登城して政務に使われている階層をざっと見て回っただけでも役人達は皆疲弊しているようで、冴えない顔色をして書類を抱えては右往左往している。今日は貴族議会に顔を出すつもりで登城していたが、面白い事になりそうだとシガウスは内心でほくそ笑んだ。
昨夜、息子であり、宰相の補佐官を勤めているルファスと話したが、どうやらそろそろ政務に限界が来ているらしい。それに伴って先日王太子がレヴォネ領に手紙を送ったという話も聞いたが、その内容がまた抱腹ものだった。遠く北方にいる青年が手紙を受け取ってその美しい顔を顰める様がありありと思い浮かんだものだ。
短い間ではあったが、レヴォネ領での滞在はなかなか楽しかった。最愛の娘とのんびり過ごせたことはもちろん、温泉も心地良かったし、食事も良かった。何より揶揄い甲斐のある面白い男がいる。それも、二面性を秘めた麗しき毒華が。
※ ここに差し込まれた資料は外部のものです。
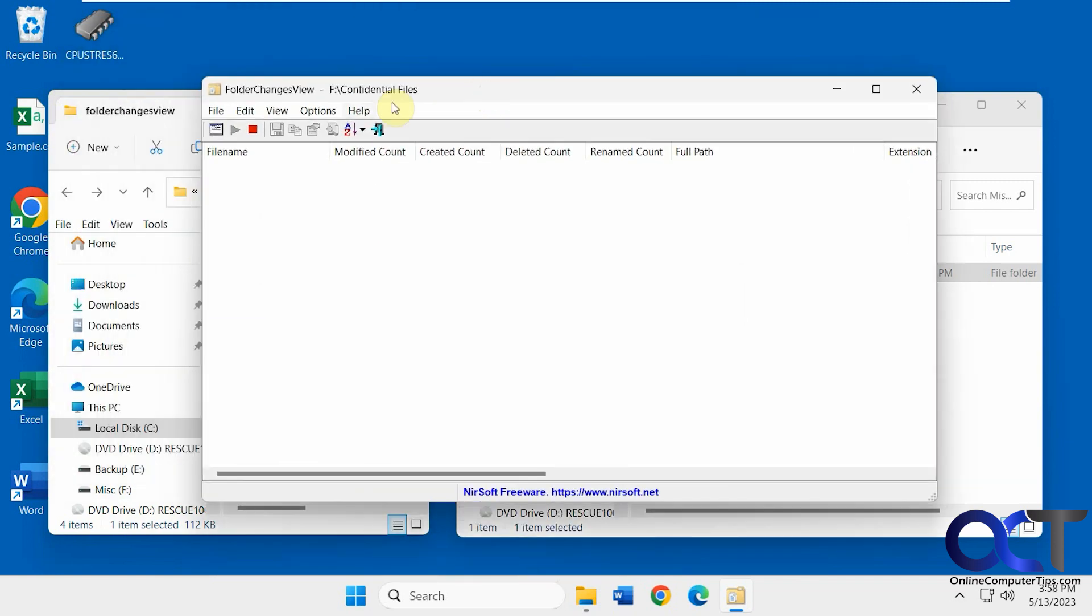So now we have the folder loaded here and it's already monitoring. So you could see you could stop it, start and stop. So it's already been started.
実直過ぎるが故に奸臣共に追いやられたが、強かさを覚えたあの毒華ならば更に楽しませてくれそうだ。シガウスはそれに少しばかり手を貸してやるつもりでいる。
最初は娘を傷付けた愚かな王太子共に制裁をくれてやるのに都合の良い駒だと思っていたが、今はそれも逆転していた。高位貴族の中でも最高位にいるシガウスが誰かのために動くなど随分と久しい事だ。記憶の彼方にあるあの月に良く似た面影を見た所為かもしれない。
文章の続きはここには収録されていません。